United Kingdom: Information on the process by which a person may be committed to a psychiatric institution against his/her own will
|Publisher||Immigration and Refugee Board of Canada|
|Author||Research Directorate, Immigration and Refugee Board, Canada|
|Publication Date||1 February 1996|
|Citation / Document Symbol||GBR22975.E|
|Cite as||Immigration and Refugee Board of Canada, United Kingdom: Information on the process by which a person may be committed to a psychiatric institution against his/her own will, 1 February 1996, GBR22975.E, available at: http://www.refworld.org/docid/3ae6acaf28.html [accessed 25 May 2013]|
|Disclaimer||This is not a UNHCR publication. UNHCR is not responsible for, nor does it necessarily endorse, its content. Any views expressed are solely those of the author or publisher and do not necessarily reflect those of UNHCR, the United Nations or its Member States.|
A representative of the Canden and Isoington Community Health Service of the University College Hospital in London, UK, provided the following information on the above subject during a telephone interview on 6 February 1996.
A person can be sent to a psychiatric institution if three individuals are in agreement that a person is a danger to himself/herself or to the public. These three individuals must include two doctors (a psychiatrist and either a general practioner or a doctor with training in psychiatry) and an "approved social worker" who is a social worker with training in psychiatry, or the nearest family member of the person, i.e, the spouse, the child or the oldest sibling.
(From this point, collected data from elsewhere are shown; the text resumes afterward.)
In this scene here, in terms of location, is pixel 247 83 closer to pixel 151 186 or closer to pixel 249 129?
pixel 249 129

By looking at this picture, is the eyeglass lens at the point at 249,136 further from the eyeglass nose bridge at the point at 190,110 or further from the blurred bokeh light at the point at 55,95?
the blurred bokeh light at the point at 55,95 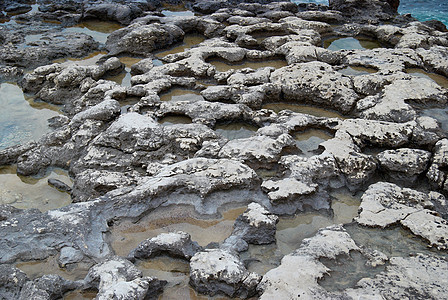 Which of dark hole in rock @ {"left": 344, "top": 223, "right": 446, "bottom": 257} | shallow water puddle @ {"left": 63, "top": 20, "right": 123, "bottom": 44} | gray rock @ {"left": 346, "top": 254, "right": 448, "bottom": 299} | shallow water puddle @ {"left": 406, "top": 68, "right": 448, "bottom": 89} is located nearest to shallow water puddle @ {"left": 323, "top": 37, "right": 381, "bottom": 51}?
shallow water puddle @ {"left": 406, "top": 68, "right": 448, "bottom": 89}

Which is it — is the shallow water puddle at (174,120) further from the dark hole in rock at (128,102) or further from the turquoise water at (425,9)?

Under Section 2 of the 1983 Mental Health Act (28-day assessment section), such a person is sent to a psychiatric institution for assessment of his/her psychiatric problem; no treatment is initiated in this period. Upon completion of the assessment, usually after two weeks, this person can be hospitalized for treatment under Section 3 of the 1983 Mental Health Act (six month of renewable section).
This Response was prepared after researching publicly accessible information currently available to the DIRB within time constraints. This Response is not, and does not purport to be, conclusive as to the merit of any particular claim to refugee status or asylum.
Canden and Isoington Community Health Service, University College Hospital, London, UK. 6 February 1996. Telephone interview with representative.